### Work to complete
Give the number of lines in the material below that contain the word "front", and nothing else.

*** Opening of Material for this exercise ***

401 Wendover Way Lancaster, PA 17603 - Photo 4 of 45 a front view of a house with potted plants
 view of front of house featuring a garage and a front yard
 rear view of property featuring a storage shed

*** Close of Material for this exercise ***
*** Opening of Material for this exercise ***

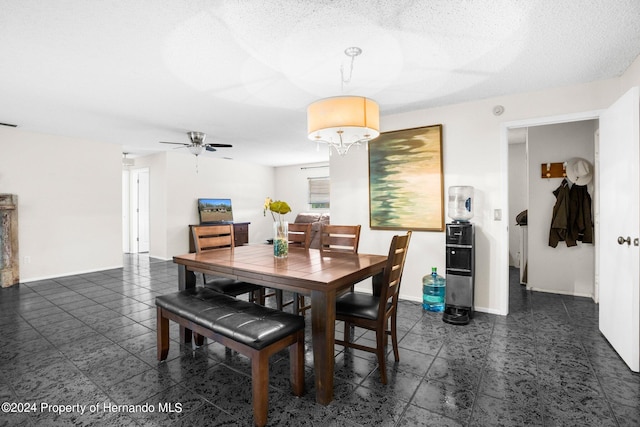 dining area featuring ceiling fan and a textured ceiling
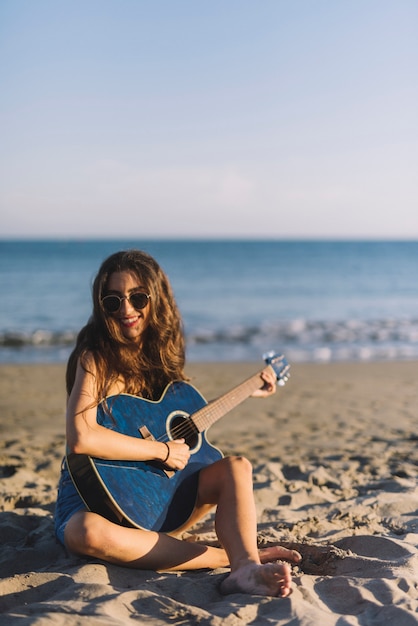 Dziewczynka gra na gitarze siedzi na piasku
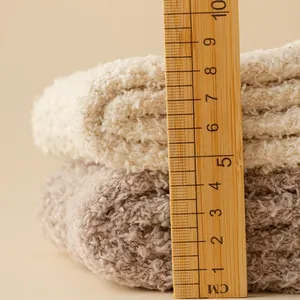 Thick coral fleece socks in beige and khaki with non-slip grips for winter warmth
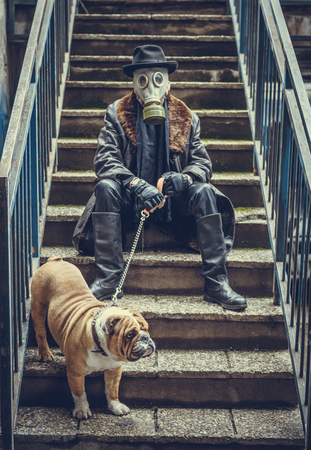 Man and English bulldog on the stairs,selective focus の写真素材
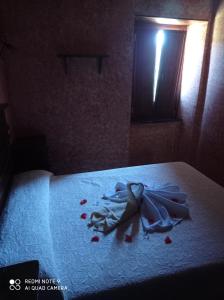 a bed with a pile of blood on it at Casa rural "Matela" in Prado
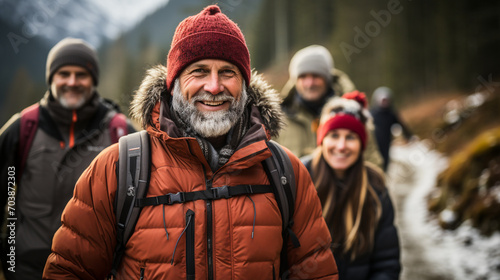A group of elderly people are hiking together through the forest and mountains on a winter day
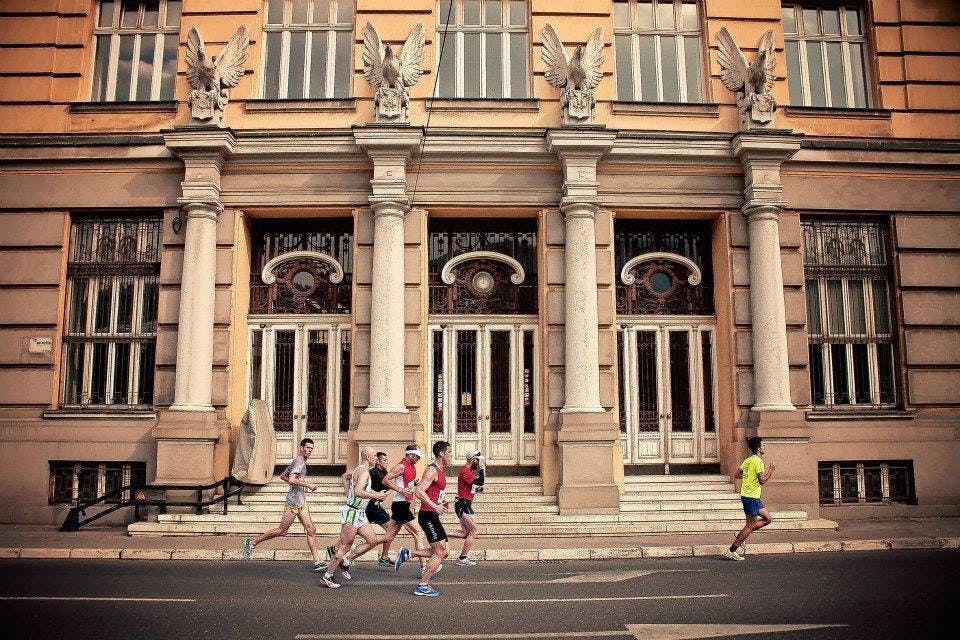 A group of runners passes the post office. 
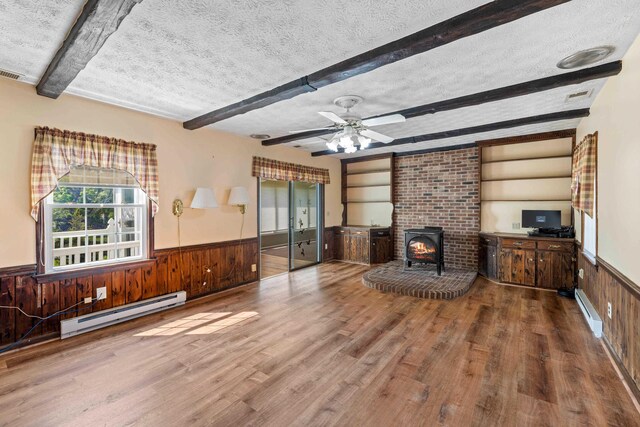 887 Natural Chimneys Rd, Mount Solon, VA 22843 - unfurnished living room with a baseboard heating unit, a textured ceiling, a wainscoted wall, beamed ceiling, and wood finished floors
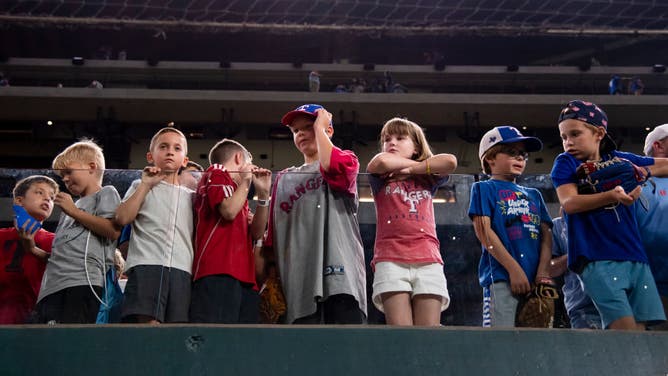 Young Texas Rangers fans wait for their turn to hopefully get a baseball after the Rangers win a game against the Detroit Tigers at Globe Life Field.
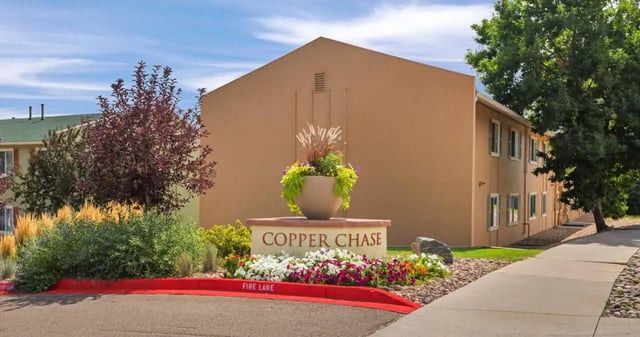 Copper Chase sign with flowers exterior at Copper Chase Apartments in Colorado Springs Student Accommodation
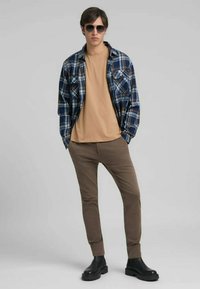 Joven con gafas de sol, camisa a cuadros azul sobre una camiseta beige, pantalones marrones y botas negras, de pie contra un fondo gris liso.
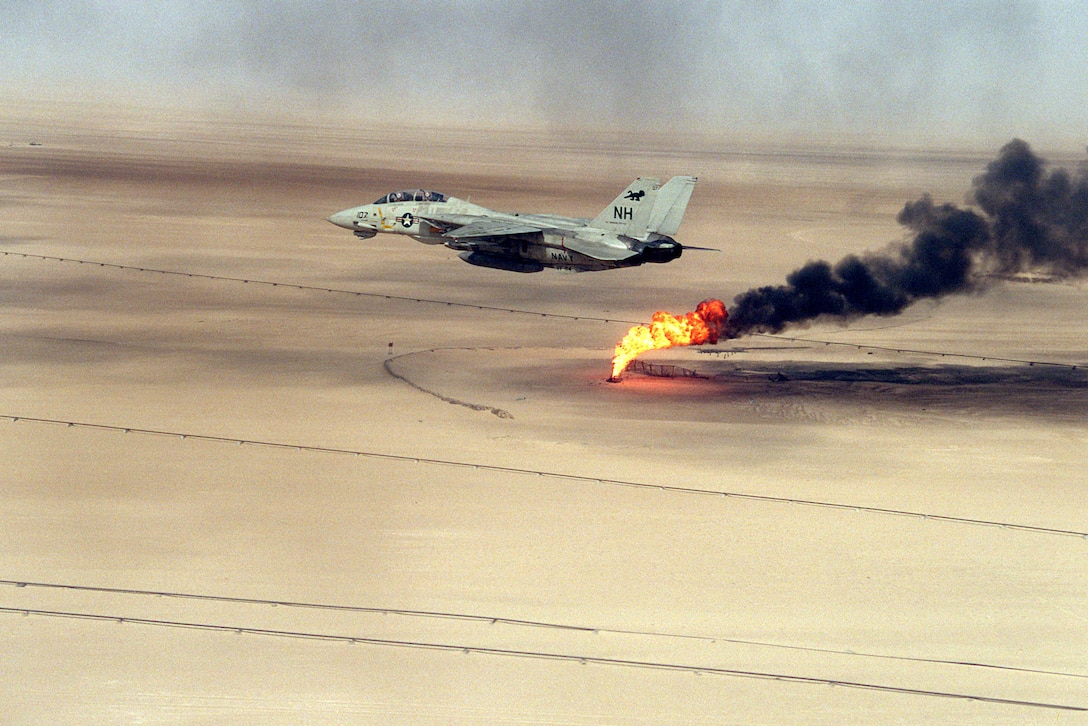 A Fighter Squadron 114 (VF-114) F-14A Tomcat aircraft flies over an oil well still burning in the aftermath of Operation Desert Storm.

*** Close of Material for this exercise ***

### Exercise output
2